Coke has developed a broad spectrum of products catering to palates and dietary concerns of Japanese consumers, such as VegitaBeta, which contains a beta-carotene supplement; the Cal King yogurt drink; and Daizu no Susume Jai Law, a grapefruit-flavored soy drink. Coke has even developed a corn soup called Bistrone. The company's best-selling brand in Japan is Georgia Coffee, not Coke, and its Sokenbicha ready-to-drink tea is a category leader in that country.

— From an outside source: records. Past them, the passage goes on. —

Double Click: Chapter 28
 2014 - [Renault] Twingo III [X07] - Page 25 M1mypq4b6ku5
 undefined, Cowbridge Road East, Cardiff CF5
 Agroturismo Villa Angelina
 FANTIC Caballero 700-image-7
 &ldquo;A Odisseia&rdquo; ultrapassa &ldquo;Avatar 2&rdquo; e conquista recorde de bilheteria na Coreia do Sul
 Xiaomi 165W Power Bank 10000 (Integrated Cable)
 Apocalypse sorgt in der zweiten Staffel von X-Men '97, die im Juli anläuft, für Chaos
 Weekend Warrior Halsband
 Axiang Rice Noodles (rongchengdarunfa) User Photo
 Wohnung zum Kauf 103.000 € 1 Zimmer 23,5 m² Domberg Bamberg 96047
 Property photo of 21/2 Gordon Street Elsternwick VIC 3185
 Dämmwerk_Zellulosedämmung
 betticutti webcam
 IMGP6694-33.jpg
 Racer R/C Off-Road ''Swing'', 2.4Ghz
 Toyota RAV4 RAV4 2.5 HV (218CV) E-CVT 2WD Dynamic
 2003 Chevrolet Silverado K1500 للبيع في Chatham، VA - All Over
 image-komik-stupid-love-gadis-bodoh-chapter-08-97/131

New ideas coming out of Japan are not limited to drink flavors. Coca-Cola has introduced vending machines for both hot and cold products that can interact with consumers, cashless payment options and networked vending systems. Three years ago, Coca-Cola launched Patissiolle, a chilled-cup coffee product sold in a type of aluminum packaging that is believed to be a world first.
While Japan is a large market for Coca-Cola, the country's economy hasn't kept pace with its developments in design and innovation. Like many multinationals, Coke is turning toward emerging markets such as China and India, where it also has research and development centers turning out products specially designed for local consumers like Minute Maid Pulpy fruit juice.
Coca-Cola is "constantly evaluating and exploring opportunities to expand and further diversify our beverage portfolio," said Ricardo Fort, the company's VP-marketing in India.
Earlier this month in India, Coca-Cola launched an inexpensive milk-and-mango drink called Maaza Milky Delite, developed in its R&D lab in a Delhi suburb called Gurgaon. Coke is testing the drink -- similar to yogurt-based lassi drinks popular in parts of India -- in Kolkata. A national rollout is expected late this year.
Over the next two months, Coke will introduce Maaza Milky Delite across 3,000 retail outlets in Kolkata, said Vikas Chawla, who runs Coke's bottling operations in India.
Coca-Cola has organized road shows and sampling programs to promote the new brand alongside a TV spot created by Leo Burnett, Delhi, using the tagline "Sharing Not Possible."